One person who did was Sharon Lewis, LSU’s Associate AD/Football Recruiting and Alumni Relations. Lewis relayed numerous complaints concerning Miles. The investigations “went nowhere” according to Lewis, who stated that Miles and other staffers became “hostile” to her and eventually suffered a “mental breakdown” due to the lack of support. Others noticed.
“Poor Sharon,” the staffer said. “I mean, like I said, she had most of the brunt of it because she was over the girls ... .We were so beat down and caught up in that mess, we didn’t realize how bad we were, you know? That’s what upsets me.”
It should upset everyone. This was a perfect culture for things to turn into a nightmare. We’ve seen it. Repeatedly.
And this isn’t just LSU. It would be naive to conclude this is the only place where such thinking still exists. The power dynamic, the win-at-all-costs mentality, the lack of oversight … it can happen anywhere. It probably is.
“I felt like maybe if the University had done more when the first child had happened, maybe that would have helped clean up a lot of other stuff that maybe wouldn’t have happened further down the line with not just him, with even players and anything like that,” the football staffer said. “Because sometimes if people see somebody getting in trouble ... they’re not as apt to go, ‘Well, I can keep doing that because nobody gets in trouble around here, even the head coach didn’t get in trouble for doing it.’ ”

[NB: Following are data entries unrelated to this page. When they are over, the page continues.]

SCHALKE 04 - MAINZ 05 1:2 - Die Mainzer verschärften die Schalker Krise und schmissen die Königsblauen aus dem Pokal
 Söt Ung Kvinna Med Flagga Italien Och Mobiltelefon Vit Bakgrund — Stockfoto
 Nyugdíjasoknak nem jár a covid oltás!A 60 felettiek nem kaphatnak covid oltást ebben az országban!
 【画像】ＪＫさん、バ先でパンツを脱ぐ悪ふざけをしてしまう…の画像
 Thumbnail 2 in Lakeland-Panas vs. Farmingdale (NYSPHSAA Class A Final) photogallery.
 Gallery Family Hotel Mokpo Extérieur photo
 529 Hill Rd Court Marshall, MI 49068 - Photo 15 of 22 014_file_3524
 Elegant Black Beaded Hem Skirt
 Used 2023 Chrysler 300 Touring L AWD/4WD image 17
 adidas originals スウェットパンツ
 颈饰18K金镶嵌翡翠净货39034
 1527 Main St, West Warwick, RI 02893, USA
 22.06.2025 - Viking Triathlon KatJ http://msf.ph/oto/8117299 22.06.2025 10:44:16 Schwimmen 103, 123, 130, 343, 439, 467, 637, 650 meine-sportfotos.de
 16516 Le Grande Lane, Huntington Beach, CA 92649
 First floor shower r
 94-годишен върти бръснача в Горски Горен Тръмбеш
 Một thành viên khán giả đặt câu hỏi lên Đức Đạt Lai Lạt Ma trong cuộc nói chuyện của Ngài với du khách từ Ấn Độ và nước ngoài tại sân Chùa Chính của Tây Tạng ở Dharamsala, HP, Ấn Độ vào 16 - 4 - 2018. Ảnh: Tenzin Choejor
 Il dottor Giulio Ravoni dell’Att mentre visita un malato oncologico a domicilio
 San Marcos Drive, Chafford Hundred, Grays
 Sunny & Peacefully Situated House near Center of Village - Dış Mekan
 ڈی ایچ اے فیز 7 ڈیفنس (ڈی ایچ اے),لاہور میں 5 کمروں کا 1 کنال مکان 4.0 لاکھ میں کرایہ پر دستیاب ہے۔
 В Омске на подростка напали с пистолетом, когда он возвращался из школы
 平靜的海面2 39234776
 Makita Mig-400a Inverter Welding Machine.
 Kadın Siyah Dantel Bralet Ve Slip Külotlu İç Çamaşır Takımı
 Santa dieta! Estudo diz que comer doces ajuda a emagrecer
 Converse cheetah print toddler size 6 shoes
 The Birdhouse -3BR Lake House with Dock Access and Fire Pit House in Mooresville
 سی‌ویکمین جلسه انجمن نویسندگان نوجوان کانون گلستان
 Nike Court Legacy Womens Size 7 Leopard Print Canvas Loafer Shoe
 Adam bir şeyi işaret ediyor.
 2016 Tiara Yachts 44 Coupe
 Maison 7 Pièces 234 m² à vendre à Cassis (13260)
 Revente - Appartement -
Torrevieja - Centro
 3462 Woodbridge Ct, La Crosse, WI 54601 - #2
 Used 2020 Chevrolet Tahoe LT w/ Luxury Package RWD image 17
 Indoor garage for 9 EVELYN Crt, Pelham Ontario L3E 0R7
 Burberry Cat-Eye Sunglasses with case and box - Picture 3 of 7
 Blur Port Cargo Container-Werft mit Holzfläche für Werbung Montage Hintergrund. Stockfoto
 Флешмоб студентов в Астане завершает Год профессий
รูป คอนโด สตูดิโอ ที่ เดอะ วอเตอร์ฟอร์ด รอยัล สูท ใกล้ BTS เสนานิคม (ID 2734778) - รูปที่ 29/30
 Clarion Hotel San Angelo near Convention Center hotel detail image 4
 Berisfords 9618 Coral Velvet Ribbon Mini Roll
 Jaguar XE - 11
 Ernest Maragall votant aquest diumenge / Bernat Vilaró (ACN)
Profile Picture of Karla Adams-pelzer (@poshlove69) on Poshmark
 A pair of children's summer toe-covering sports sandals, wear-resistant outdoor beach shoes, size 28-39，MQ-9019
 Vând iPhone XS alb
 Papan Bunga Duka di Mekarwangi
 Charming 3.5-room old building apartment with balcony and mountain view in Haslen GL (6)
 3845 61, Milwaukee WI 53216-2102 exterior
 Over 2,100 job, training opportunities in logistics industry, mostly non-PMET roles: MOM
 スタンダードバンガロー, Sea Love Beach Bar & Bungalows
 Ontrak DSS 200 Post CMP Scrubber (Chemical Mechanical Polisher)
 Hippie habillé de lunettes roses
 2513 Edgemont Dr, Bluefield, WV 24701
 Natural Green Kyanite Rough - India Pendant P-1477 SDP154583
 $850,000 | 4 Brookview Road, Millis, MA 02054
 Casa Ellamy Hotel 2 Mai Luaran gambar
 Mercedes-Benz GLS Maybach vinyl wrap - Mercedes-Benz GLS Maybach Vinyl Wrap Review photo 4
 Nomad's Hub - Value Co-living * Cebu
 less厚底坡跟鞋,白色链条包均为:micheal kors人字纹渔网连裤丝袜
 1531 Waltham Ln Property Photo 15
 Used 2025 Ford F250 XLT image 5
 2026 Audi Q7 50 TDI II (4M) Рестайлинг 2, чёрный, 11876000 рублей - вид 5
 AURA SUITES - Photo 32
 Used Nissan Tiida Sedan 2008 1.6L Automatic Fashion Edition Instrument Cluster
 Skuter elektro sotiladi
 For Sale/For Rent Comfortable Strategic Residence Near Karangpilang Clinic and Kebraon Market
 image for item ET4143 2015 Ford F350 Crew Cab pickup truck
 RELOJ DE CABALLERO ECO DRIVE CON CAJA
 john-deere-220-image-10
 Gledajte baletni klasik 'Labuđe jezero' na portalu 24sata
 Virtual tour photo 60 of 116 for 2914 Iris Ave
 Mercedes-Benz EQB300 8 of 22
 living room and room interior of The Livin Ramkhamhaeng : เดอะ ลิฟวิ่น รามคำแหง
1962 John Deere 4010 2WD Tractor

Les Miles finally got in trouble, fired eight years and two schools too late. Even with the athletic director calling for his dismissal in 2013, he wasn’t dumped by LSU until he stopped winning enough games in 2016. If he’d still been beating Alabama, he’d probably still be there.
The story isn’t just about Les Miles and LSU though. This is a warning flare for everyone, everywhere.
No matter how many of these abusive coach and doctor horror stories emerge, some of the people most capable of stopping it early are, for whatever reason, still focused on protecting brands, not victims.
Changing that should be everyone’s primary focus.
This time it appears it was just Les Miles being a loser and a creep.